▶ Assignment:
Please, without any pictures, transcribe the lines from the one holding "Cosmeau Waschmittel Bl√§tter" to the end of the listing, both ends included.

▶ Data shown:
★ ★ ★ ★ ★

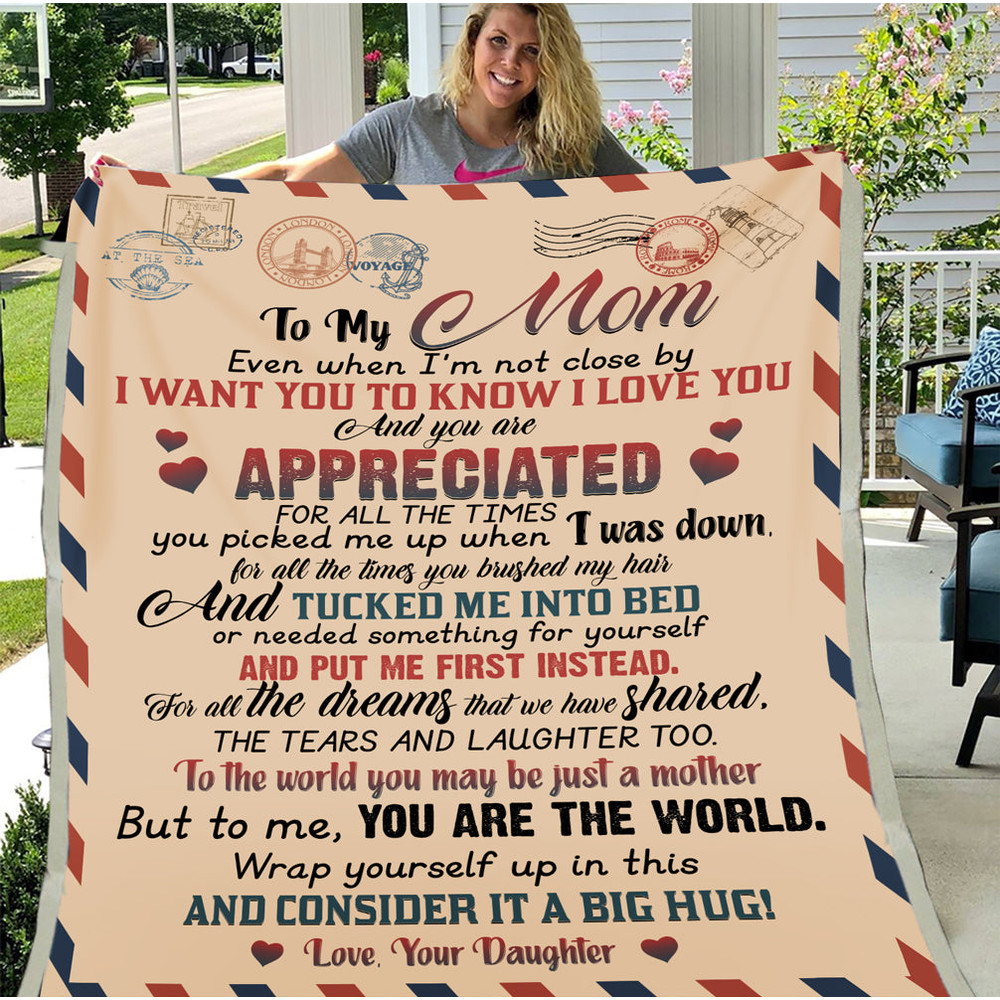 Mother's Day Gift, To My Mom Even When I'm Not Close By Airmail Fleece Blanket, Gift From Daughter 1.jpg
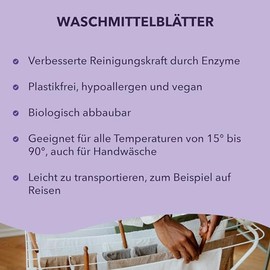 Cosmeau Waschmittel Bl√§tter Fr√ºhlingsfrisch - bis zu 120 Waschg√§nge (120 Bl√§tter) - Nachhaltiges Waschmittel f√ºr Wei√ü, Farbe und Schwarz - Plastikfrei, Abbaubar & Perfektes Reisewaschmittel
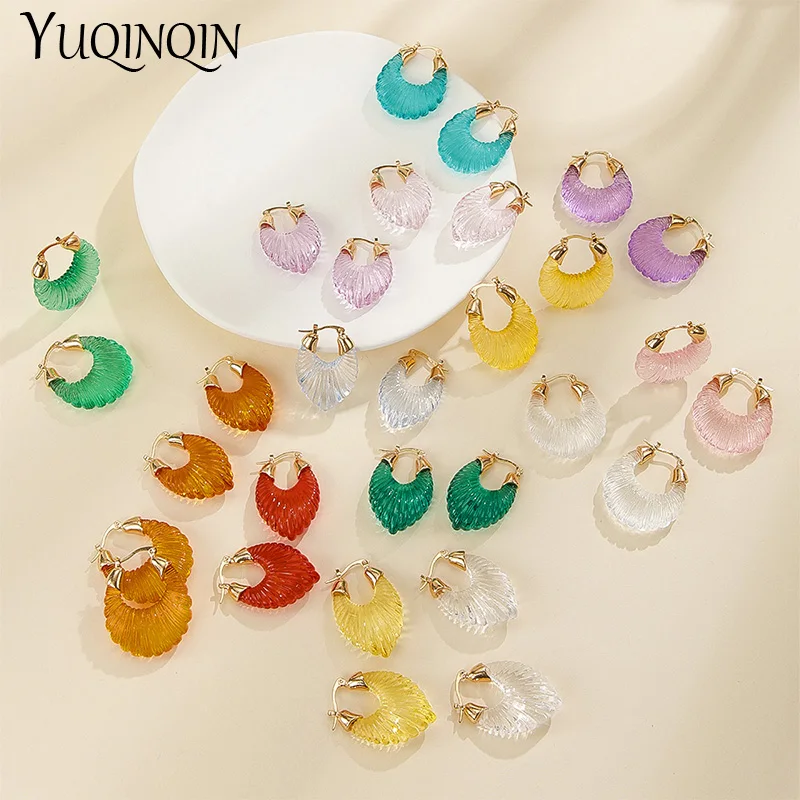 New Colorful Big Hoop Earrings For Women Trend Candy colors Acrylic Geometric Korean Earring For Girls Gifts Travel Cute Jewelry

★ ★ ★ ★ ★

▶ Your response:
 Cosmeau Waschmittel Bl√§tter Fr√ºhlingsfrisch - bis zu 120 Waschg√§nge (120 Bl√§tter) - Nachhaltiges Waschmittel f√ºr Wei√ü, Farbe und Schwarz - Plastikfrei, Abbaubar & Perfektes Reisewaschmittel
 New Colorful Big Hoop Earrings For Women Trend Candy colors Acrylic Geometric Korean Earring For Girls Gifts Travel Cute Jewelry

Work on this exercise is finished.